Charly, premier commentateur de ma note précédente (merci à lui), trouve que j'enfile des perles quand j'appelle le nouveau Premier Ministre à évaluer les services publics en repartant de zéro, à l'inverse de la méthode lentissime et inefficace du gouvernement précédente. Selon Charly :

Il faut leur rentrer dans le lard à ces mandarins qui s'engraissent sur le dos du contribuable. On parle d'une bande de lâches (de bandes de lâches, pardon) obsédée par la conquête et la conservation du pouvoir. Quelqu'en soit le prix à payer par leur pays. (…) Si jamais un, moins médiocre que les autres, montre le bout de son nez, le cartel des mandarins de tout bord a vite fait de le réduire en poussière. Faudrait quand même pas tuer la poule aux œufs d'or ! Et puis on va quand même pas s'exposer à trouver un vrai job, avec un vrai salaire, et des vrais impôts à payer à la fin de l'année (…)

Le commentaire de Charly me semble porter sur les élus (ceux qui ont du "pouvoir"), alors que mon billet portait surtout sur les agents (les millions de gens qui travaillent dans les écoles, la police, l'armée, la propreté, l'aide aux personnes âgées etc. etc.).

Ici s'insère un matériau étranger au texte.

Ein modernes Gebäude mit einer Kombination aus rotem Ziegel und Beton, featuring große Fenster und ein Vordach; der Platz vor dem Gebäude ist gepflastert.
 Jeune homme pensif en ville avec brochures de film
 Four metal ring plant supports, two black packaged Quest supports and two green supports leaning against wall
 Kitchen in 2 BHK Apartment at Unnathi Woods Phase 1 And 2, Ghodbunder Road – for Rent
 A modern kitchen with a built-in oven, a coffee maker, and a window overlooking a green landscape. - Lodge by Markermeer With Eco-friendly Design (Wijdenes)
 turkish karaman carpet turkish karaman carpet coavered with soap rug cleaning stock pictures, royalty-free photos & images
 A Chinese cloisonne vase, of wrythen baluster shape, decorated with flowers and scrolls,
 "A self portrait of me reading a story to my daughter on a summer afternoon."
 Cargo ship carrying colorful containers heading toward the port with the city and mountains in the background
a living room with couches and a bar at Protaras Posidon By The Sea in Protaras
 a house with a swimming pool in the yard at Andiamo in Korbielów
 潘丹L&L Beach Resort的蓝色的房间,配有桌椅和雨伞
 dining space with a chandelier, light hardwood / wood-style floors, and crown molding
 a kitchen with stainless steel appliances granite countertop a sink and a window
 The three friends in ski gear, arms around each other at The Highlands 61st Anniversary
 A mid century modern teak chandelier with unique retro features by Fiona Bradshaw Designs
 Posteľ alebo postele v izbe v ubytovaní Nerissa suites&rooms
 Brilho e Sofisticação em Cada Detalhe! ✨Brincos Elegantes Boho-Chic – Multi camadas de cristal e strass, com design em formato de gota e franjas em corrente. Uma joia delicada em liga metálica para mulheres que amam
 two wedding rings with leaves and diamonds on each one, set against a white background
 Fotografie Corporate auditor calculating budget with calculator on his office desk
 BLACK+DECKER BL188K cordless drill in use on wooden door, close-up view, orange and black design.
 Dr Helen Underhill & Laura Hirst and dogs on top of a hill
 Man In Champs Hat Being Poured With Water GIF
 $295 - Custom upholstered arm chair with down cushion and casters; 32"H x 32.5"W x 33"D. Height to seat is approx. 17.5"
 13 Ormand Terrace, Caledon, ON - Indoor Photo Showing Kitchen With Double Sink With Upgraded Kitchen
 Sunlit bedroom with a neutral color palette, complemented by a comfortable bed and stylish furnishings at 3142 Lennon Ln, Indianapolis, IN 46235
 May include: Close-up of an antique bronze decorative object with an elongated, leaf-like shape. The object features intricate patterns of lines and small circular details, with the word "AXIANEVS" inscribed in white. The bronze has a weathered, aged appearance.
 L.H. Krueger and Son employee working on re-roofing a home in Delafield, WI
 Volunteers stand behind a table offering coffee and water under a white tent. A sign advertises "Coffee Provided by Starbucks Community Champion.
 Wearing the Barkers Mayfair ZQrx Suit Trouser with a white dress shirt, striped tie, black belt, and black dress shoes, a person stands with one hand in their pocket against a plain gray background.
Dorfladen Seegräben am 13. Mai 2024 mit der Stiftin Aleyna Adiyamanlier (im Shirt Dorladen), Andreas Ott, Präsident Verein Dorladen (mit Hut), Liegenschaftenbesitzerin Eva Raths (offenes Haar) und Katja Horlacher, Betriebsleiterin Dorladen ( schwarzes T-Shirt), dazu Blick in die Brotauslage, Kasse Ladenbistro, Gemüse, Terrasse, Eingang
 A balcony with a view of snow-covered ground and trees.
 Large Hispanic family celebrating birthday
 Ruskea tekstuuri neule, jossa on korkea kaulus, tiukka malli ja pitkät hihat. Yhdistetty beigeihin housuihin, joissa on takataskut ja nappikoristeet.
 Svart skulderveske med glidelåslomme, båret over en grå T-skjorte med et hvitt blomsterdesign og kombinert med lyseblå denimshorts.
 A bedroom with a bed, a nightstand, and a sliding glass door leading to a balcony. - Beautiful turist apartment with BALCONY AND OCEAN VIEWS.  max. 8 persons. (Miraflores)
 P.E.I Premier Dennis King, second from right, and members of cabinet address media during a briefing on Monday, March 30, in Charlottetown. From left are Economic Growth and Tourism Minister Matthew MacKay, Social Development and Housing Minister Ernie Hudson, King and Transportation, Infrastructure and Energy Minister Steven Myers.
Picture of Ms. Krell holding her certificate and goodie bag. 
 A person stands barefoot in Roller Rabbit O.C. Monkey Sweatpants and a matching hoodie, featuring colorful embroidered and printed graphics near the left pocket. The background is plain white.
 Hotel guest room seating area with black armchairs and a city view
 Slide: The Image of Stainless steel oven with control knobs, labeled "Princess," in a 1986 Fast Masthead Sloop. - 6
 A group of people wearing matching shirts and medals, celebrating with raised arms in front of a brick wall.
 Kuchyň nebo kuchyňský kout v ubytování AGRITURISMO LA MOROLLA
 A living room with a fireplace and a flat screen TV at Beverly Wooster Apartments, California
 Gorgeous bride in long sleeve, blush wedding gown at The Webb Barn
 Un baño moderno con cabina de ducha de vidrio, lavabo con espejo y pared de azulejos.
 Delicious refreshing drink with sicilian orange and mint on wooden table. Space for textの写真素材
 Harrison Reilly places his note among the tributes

Les élus gagnent, pour la très très grande majorité, beaucoup moins qu'à compétences égales dans le secteur privé ; ce qui les fait carburer, en France, est non monétaire : la légitime ambition d'être reconnus pour leur dévouement à leur ville / pays / région. Beaucoup carburent donc aux caméras — pas aux dollars. Sauf bien sûr les cas de corruption, mafias, dont le Sud et le Nord de la France ont donné quelques exemples : ceux-là fuient les caméras.

Les élus sont donc en permanence "dans" le changement. Personne ne peut aller à une élection en annonçant qu'il n'a rien "fait" et ne "fera" rien.

Le blocage du système depuis 30 ans ne vient pas des élus, mais des agents publics.

Bien sûr, les élus s'y adaptent, soit en faisant des moulinets de bras devant les caméras pour faire croire que tout change, mais sans rien changer (méthode du précédent Président de la République) ; soit en achetant le changement hors de l'administration, à coups de milliards dans le béton généralement (méthode fréquente dans les collectivités locales, prisée aussi dans certains Ministères comme la Défense, qui ajoute au béton les gros joujoux).

Les agents publics se sentent, en France, propriétaires de leur job (ce qui est plutôt une qualité, ils s'impliquent plus que dans d'autres pays) et menacés, dans ce job, par les changements du monde (technologie, mondialisation, surendettement national…) : ils jouent la montre, la retraite, le statut, et s'inquiètent pour leurs successeurs. Ça existe tout autant dans le privé ; mais dans le privé, en tout cas dans les PME, le salarié pige que, si l'entreprise fait faillite, il sera à la rue ; donc il essaye d'éviter la faillite, de surfer sur les nouvelles technologies, de vendre à l'international, de contribuer à ce que l'action de l'entreprise soit à la hausse. Dans le public, il n'y a pas de chiffre d'affaires, très rarement de faillite, donc qu'est-ce qui va pousser au changement ?

Normalement, ce qui peut pousser au changement, ce sont deux choses :

  • la demande des habitants / citoyens (parents d'élèves, habitants de quartiers dégradés, travailleurs sans emploi…), pour que le service public réponde à leurs attentes ; les agents publics sont sensibles à cette demande s'ils l'entendent ; et
  • la demande des contribuables pour que le service rendu coûte le moins possible. Les agents publics sont gênés par cette demande-là (comme tout salarié qui s'inquiète pour le budget de son service), mais ils l'entendent bien, notamment les jours d'élections ;-) et la comprennent comme légitime.

Le rôle de l'évaluation, c'est de faire entendre ces deux demandes-là et d'en tirer les conséquences pratiques en changeant le service public, pour qu'il rende un meilleur service au public en le lui faisant payer moins cher.

Si les détenteurs du pouvoir masquent ce double objectif pour ne pas gêner des mandarinats en place, leur échec est assuré. Et les 50 milliards seront éternellement introuvables.